Connecticut’s cities and towns have been trying different methods to actively combat vandalism, and their techniques have shown some progress.
National data show that from 2006 until 2013, there has been a decrease in arrests for vandalism — from 104,500 to 54,200, according to the Office of Juvenile Justice and Delinquency Prevention.
Lara Herscovitch, deputy director of the Connecticut Juvenile Justice Alliance, said that many police departments are trying to keep as many teens as possible out of the court system by holding community reviews to gauge the severity of the crime and come up with alternate punishments.
“In Connecticut over the past decade or so, police and schools have increased their use of what’s called a Juvenile Review Board. These are community committees that hear cases, find out what’s causing misbehavior, and . . . having the young person do something to repair the harm,” she said.
Not all communities in the state have the same philosophy.

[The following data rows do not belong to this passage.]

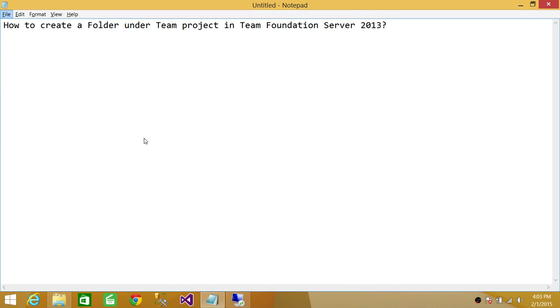Welcome to Tech Brothers. In this video, we're going to learn how to create a folder under a team project in Team Foundation Server 2013. Sometimes it is a requirement that you create your own folder where you want to work.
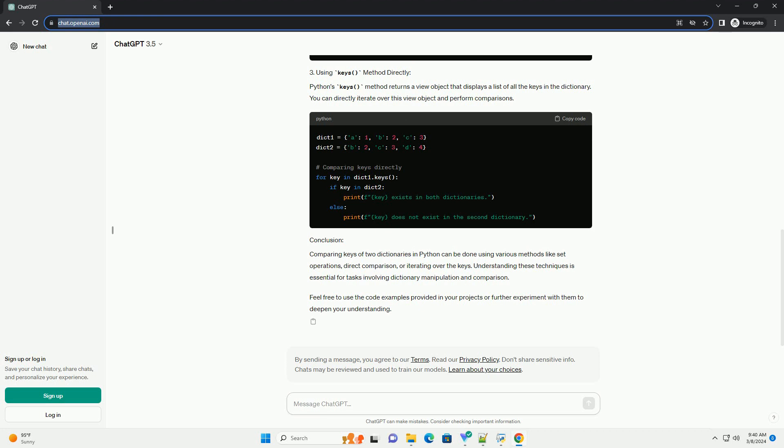Comparing keys of two dictionaries in Python can be done using various methods like set operations, direct comparison, or iterating over the keys. Understanding these techniques is essential for tasks involving dictionary manipulation and comparison. Feel free to use the code examples provided in your projects or further experiment with them to deepen your understanding.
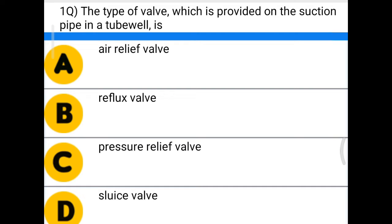Hello friends, welcome to civil engineering exam. Today we are going to see the MCQ related with civil engineering.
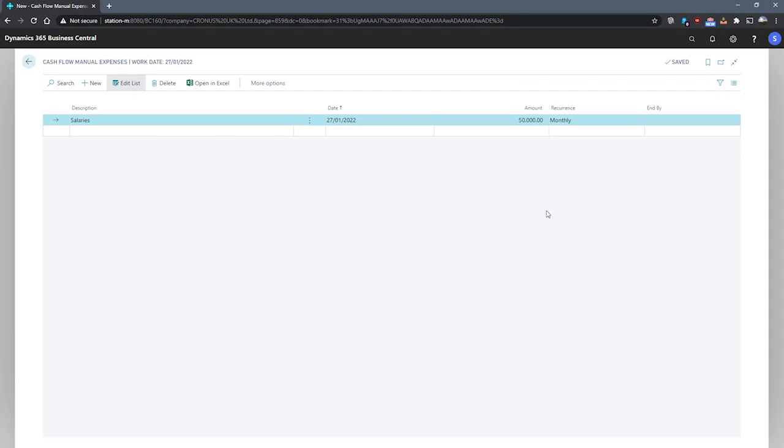Cash flow manual revenues are set up in a very similar way to what we've done here, making use of the same fields, but of course, for revenue.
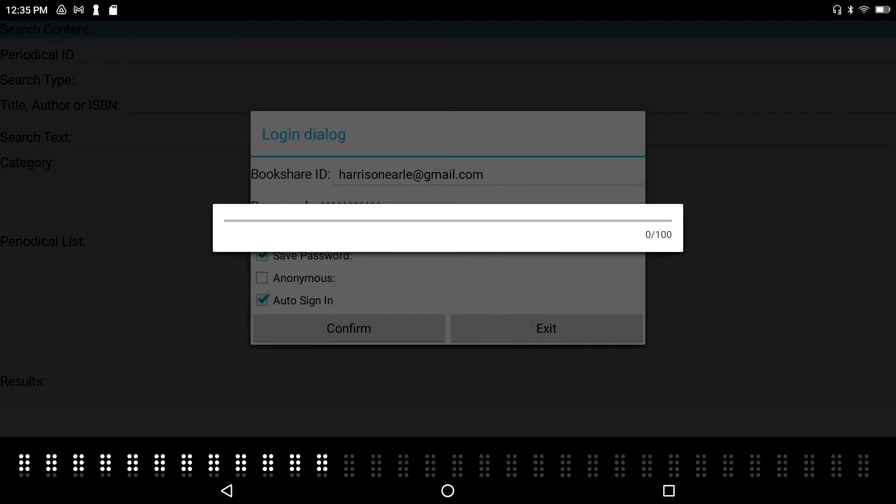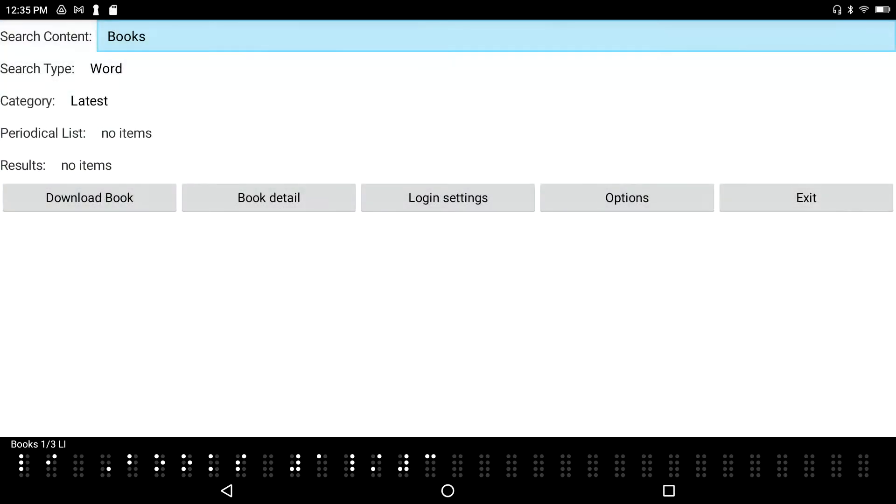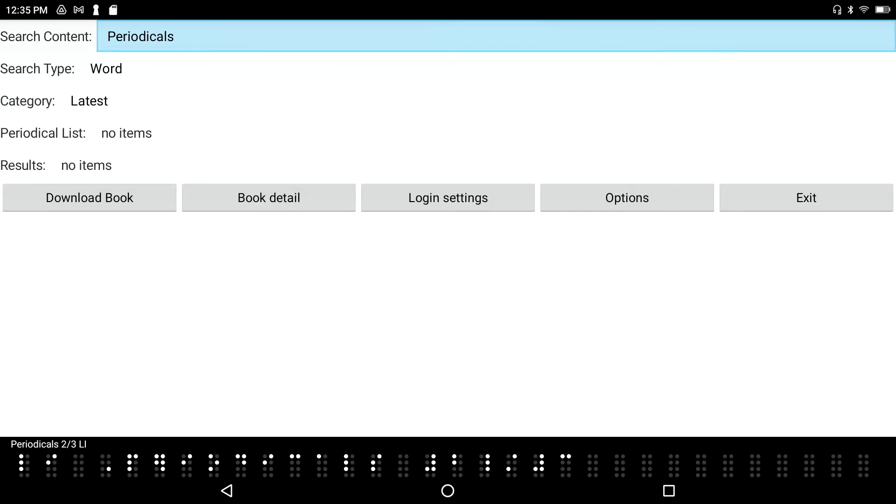That is the app logging me into the Bookshare website. Login success. If I down arrow space dot 4 through the choices in this list, I've got books, periodicals, and history. Let's go back up to books and tab. That's F3. Search type.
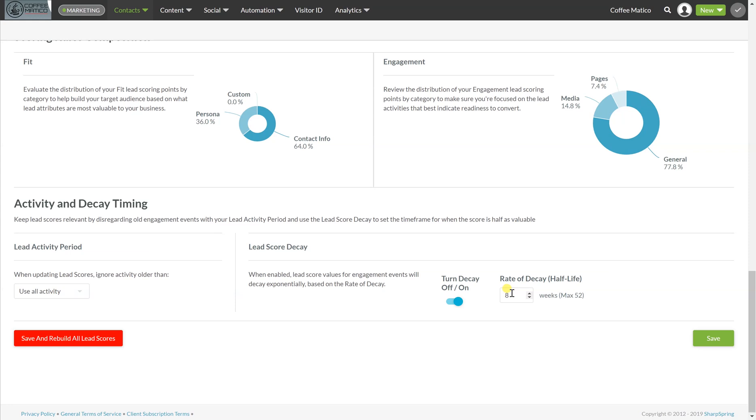It depends really on what the length of your pipeline is. If your pipeline is a week from the time they peak their interest to the time they purchase, then possibly you'd want your half life to be in three weeks. But if your pipeline is six month long pipeline, then you might want it to be your half life to be at eight or nine weeks. So you can also turn that off, but it's nice to have that decay on so that it's real data.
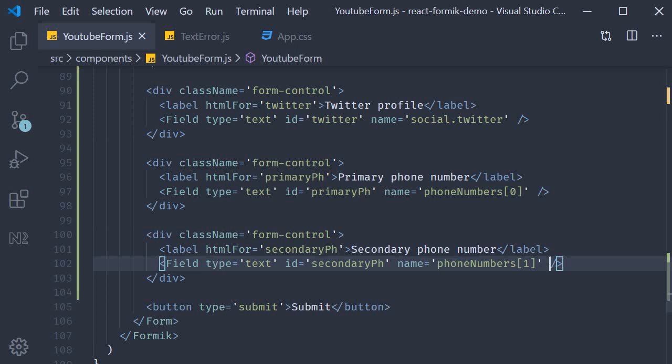Again, I want you to keep in mind that Formik supports nested objects and arrays when storing and submitting your form data. Nested objects would be required to group together some data. And the array syntax would be required when dealing with a list of values such as phone numbers. Validation of course would be slightly different. But since you are in control of the form state and its structure, you shouldn't have trouble writing custom validation rules to meet your requirements.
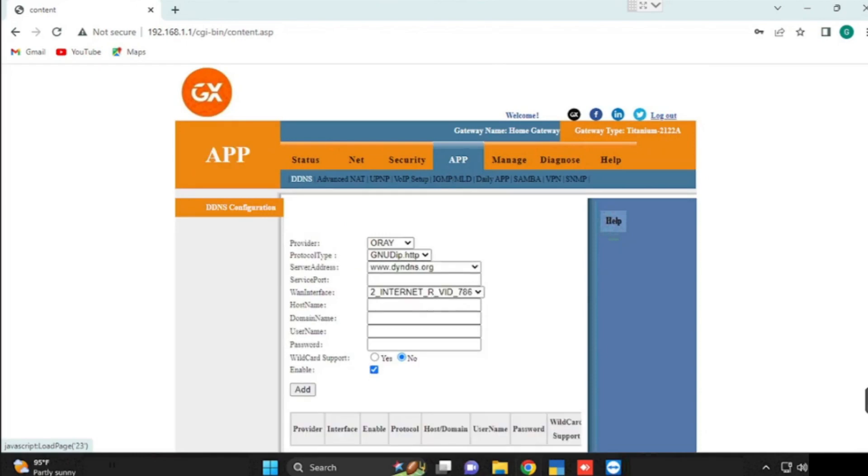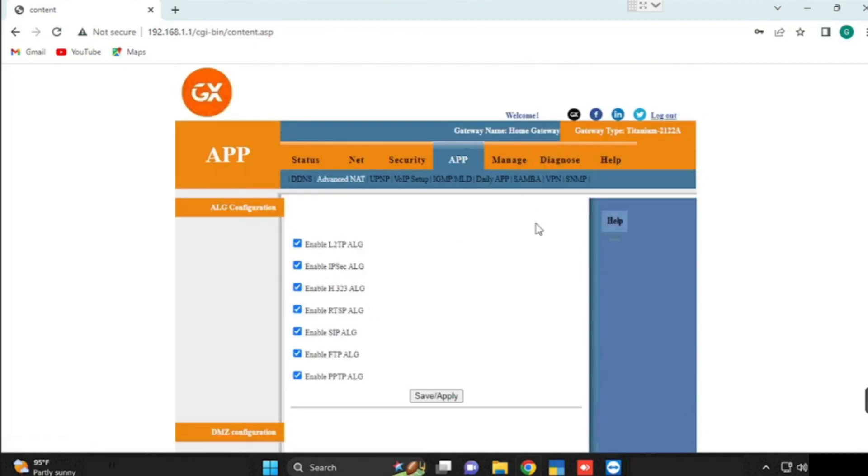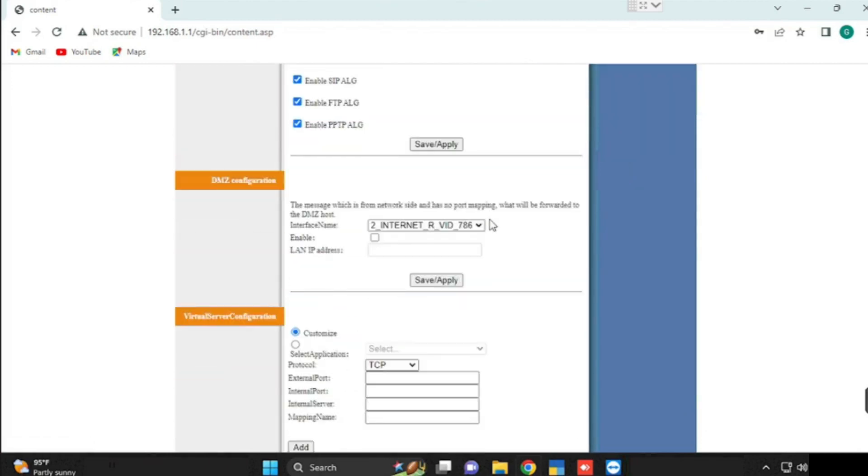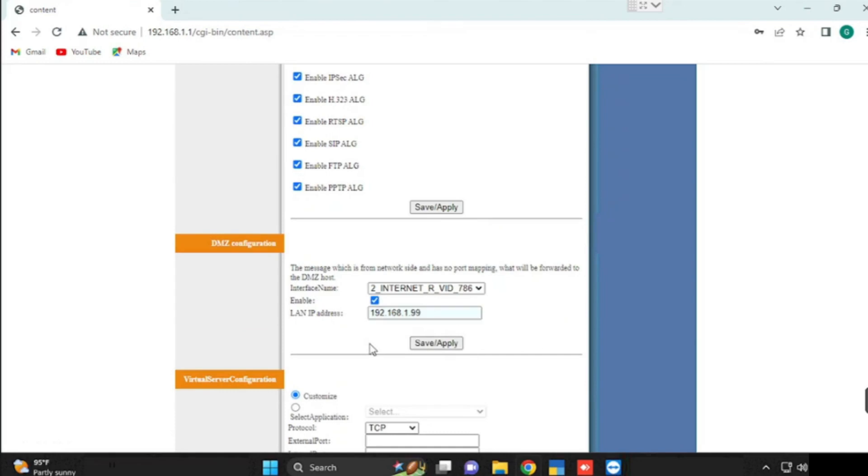Now we are going to check how to do the port forwarding. For this purpose, we need to select App, then Advanced NAT. Scroll down, we are able to see DMSS configuration. Enable the DMSS option, then type the IP of the server. Then save and apply.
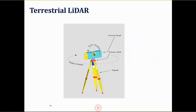The terrestrial LIDAR is placed on a tripod, similar to a total station, and the scanner rotates in place. The limitation is that it's fixed at one point, so the area it can cover is very limited. However, because it's a fixed-point data collection method, it typically provides very high resolution and very high density point clouds.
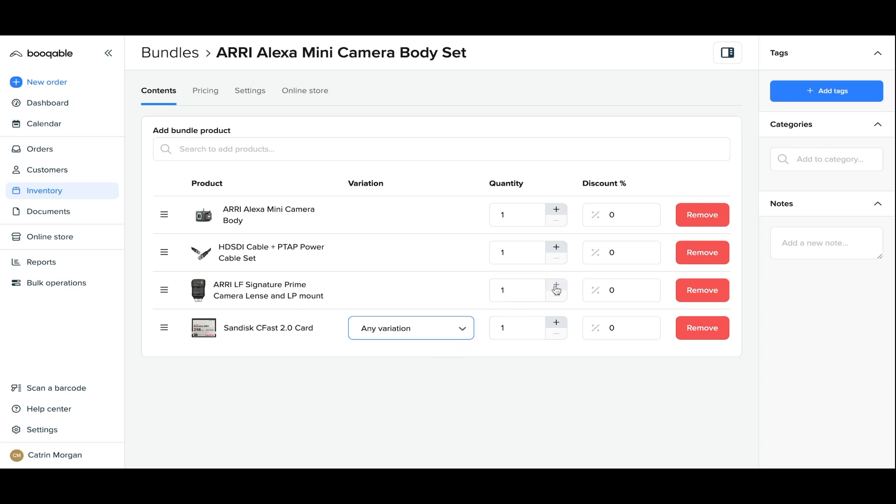Then you can set the quantities. Maybe for this bundle you want to add two charger cores and one camera body, you can set all of that up with quantities on this bundle.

Many cities have different methods of combating vandalism.
Seymour officials take a more aggressive approach to decreasing instances of vandalism. The police department goes so far as to hold stakeouts to catch the perpetrator, the Meriden Record-Journal reported. Southington officials have decided to increase the number of cameras in spots where crimes have happened, especially the town’s parks. Vandalism there has cost the town thousands of dollars in repair, the Record-Journal reported.
Southington is among the communities that are trying to keep youths from committing crimes. It has a program called STEPS, which is designed to “[ensure] our youth grow up to be caring, competent and successful individuals.”
Bridgeport has started an initiative to begin beautifying its schools. Officials are making it hard for vandals to access schools, they told the Connecticut Post, saying schools are the most popular spot for graffiti in Bridgeport.
Vandalism in schools not only hurts the property, but also hurts the students, Jorge Garcia, director of building operations, told the Post.
In Hartford, rivalries among students sometimes lead to schools being spray-painted, students say.
“When I saw the graffiti on the side of wall saying ‘Weaver sucks,’ I felt so disrespected since I play for a Weaver sports team,” said Tireice Schand, a 16-year-old from the Journalism and Media Magnet Academy in Hartford. “The fact that it was going to permanently be there until it was painted over was frustrating,”
Alexandra Diaz is a student at Achievement First Amistad High School, New Haven.